Update: 2024-11-29 15:12 GMT
India's fiscal deficit hits 46.5% of FY25 target; core sector grows 3.1% in Oct, up from 2% in Sept. (DC file photo)

New Delhi: India's fiscal deficit widened to 46.5 percent of FY25 at Rs 7.51 lakh crore, which was higher than the previous year’s 45 percent for a similar period. While the country's eight core sectors' output surged by 3.1 per cent in October as compared to a growth of 2 per cent in September, two separate government data showed on Friday.

According to data released by the Controller General of Accounts (CGA), in absolute terms, the fiscal deficit the gap between the government's expenditure and revenue -- was at Rs 7,50,824 crore during the April-October period. "The Centre's fiscal deficit at the end of the first seven months of financial year 2024-25 touched 46.5 per cent of the full-year target," the data showed.

In the Union Budget, the government had projected to bring down the fiscal deficit to 4.9 per cent of gross domestic product (GDP) in the current 2024-25 financial year. The deficit was 5.6 per cent of the GDP in 2023-24. In absolute terms, the government aims to contain the fiscal deficit at Rs 16,13,312 crore during the current fiscal.

As per the data, the total receipts stood at Rs 17.23 lakh crore, while the central government's total expenditure in the seven months through October stood at Rs 24.7 lakh crore or 51.3 percent of budget estimate and expenditure was 53.2 per cent of the budget estimate in the year-ago period. However, the revenue-expenditure data of the Centre for the first seven months of 2024-25 showed that the net tax revenue was about Rs 13 lakh crore or 50.5 per cent of the budget estimate for the current fiscal.

Of the total expenditure, Rs 20 lakh crore was in the revenue account and Rs 4.66 lakh crore in the capital account. Fiscal deficit is the difference between the total expenditure and revenue of the government, which is an indication of the total borrowing that is needed by the government.
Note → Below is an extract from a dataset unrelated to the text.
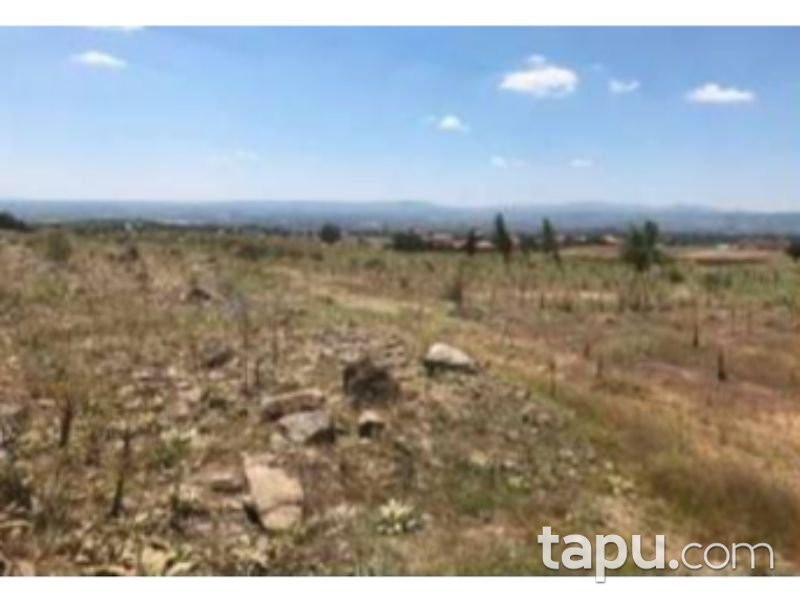 Uşak Eşme Cumhuriyet Mahallesinde 535 m2 Konut İmarlı Arsa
Meanwhile, the eight core industries’ output growth hit a two-month high of 3.1 per cent, sharply lower than the 12.7 per cent growth seen in the same month last year. Six of the eight core industries’ output were in the positive territory in October 2024. The eight core industries — coal, natural gas, crude oil, refinery products, fertilizers, cement, steel and electricity — comprise 40.27 percent of the weight of items included in the Index of Industrial Production (IIP).

As per the data released by the Commerce and Industry Ministry, the latest reading was, however, higher than the revised 2.4 per cent growth recorded in September 2024. In August 2024, the core sector industries had contracted 1.6 per cent. For the period April-October 2024, the aggregate core industries output grew 4.1 per cent, substantially lower than the 8.8 percent growth recorded in the same period last fiscal,

"The sectors that showed positive growth in October 2024 are coal (7.8 per cent), refinery products (5.2 per cent), fertilisers (0.4percent), cement (3.3 per cent), steel (4.2 per cent) and electricity (0.6 per cent). The two industries that saw output contraction are crude oil (-4.8 per cent) and natural gas (-1.2 per cent), the data showed.